Amplification, detection, and analysis of mRNA was performed using the ABI-Prism 7000 sequence detection system with a SYBR Green PCR master mix (Applied Biosystems, Carsbad, CA). The corresponding oligonucleotide primers were designed using Primer Express software (Applied Biosystems) and optimized for uniform size (90-100 bp) and consistent melting temperature (55°C). For each set of primers, a standard amplification curve was plotted [critical threshold cycle (Ct) against log of concentration] and only those with a slope of approximately -3 were considered reliable primers. SuperScript III First-Strand Synthesis System for qRT-PCR (Invitrogen; C The qRT-PCR reaction mixture contained 1× SYBR Green PCR master mix (Applied Biosystems), 1 μl cDNA, and 0.5 μM of the forward and reverse PCR primers. Initial denaturation was at 95°C for 10 min, followed by a 40-cycle amplification of denaturation at 95°C for 15 s, and annealing and extension at 60°C for 1 min.

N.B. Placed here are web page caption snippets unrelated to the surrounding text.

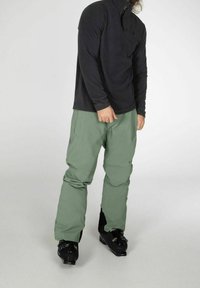 Maglione in pile nero a maniche lunghe con zip metà, abbinato a pantaloni da neve verde chiaro e scarponi da sci neri. Tessuto testurizzato, design funzionale.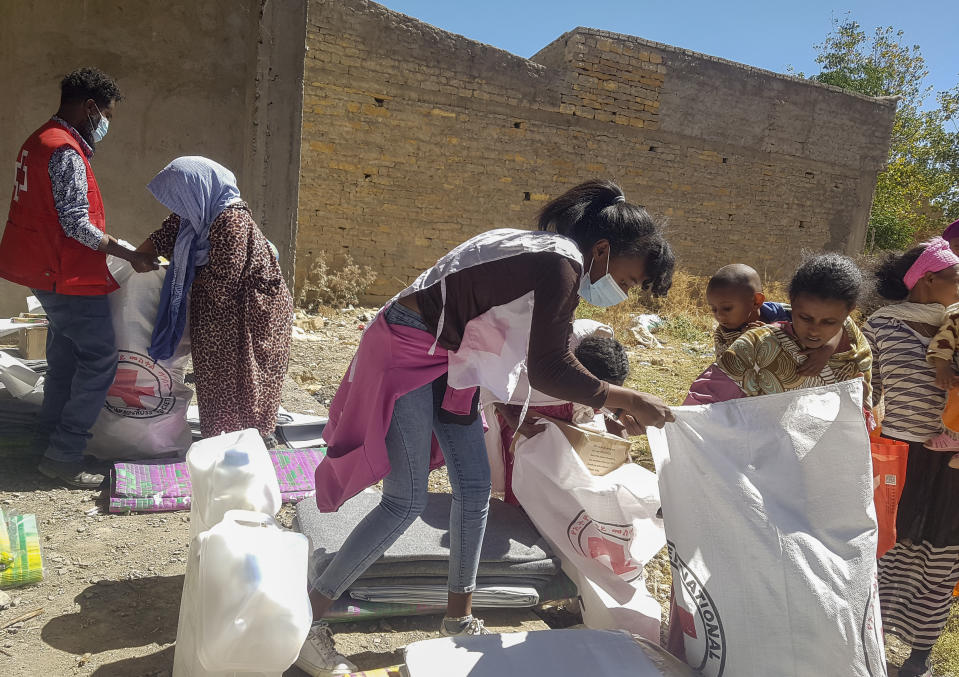 Ethiopian Red Cross Society (ERCS) volunteers hand over essential household items to internally displaced people sheltering in Mekele, the regional capital of the Tigray Region of northern Ethiopia Saturday, Dec. 12, 2020. Rare witness accounts are illuminating the shadowy conflict in Tigray, which is largely cut off from the outside world as fighting enters a fourth month in a region of 6 million people. (International Committee of the Red Cross via AP)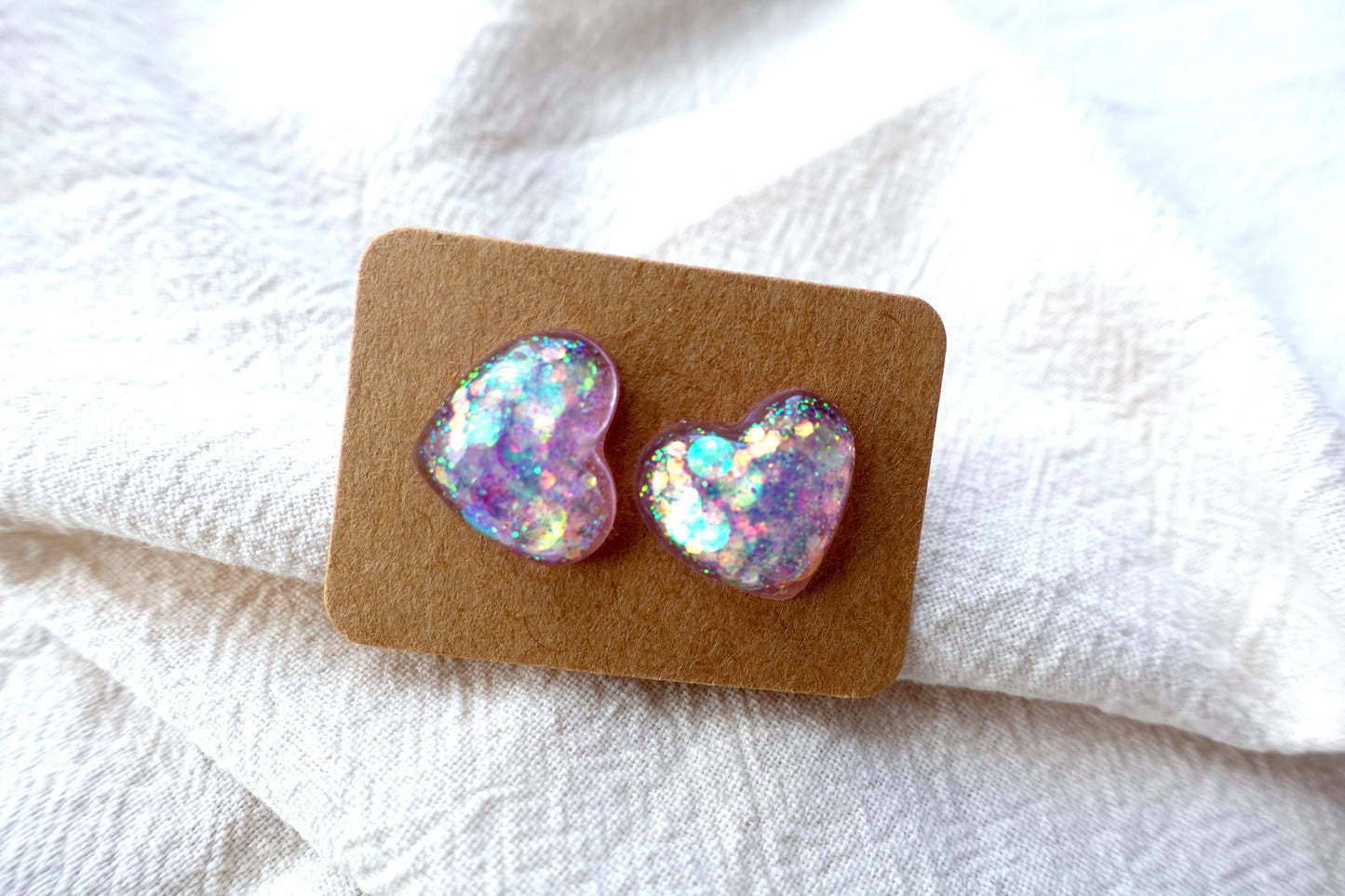 Hartjes 'opal' lichtroze glitter oorbellen studs- statement oorbellen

The critical threshold cycle, Ct, was defined as the cycle in which fluorescence becomes detectable above the background fluorescence, and is inversely proportional to the logarithm of the initial number of template molecules. A standard curve was plotted for each primer set with Ct values obtained from amplification of known quantities of H. somni cDNA. The standard curves were used for converting the Ct values into the relative number of cDNA molecules. Control reactions were used to determine any contamination by genomic DNA. The levels of expression of all genes tested by qRT-PCR were normalized using the housekeeping gene tryptophanyl-tRNA synthetase (trpS) of H. somni as an internal standard. There was no significant difference in the expression of the trpS under the different conditions or in the various samples tested (data not shown). Each assay was performed with three independent RNA samples in triplicate.
The Student's t test was used to calculate the statistical differences between the mean levels of polysaccharide expression of experimental samples (biofilm grown cells) and control samples (planktonic cells). A P value < 0.05 was considered significant. All statistical analyses were done using InStat software (InStat, San Diego, CA).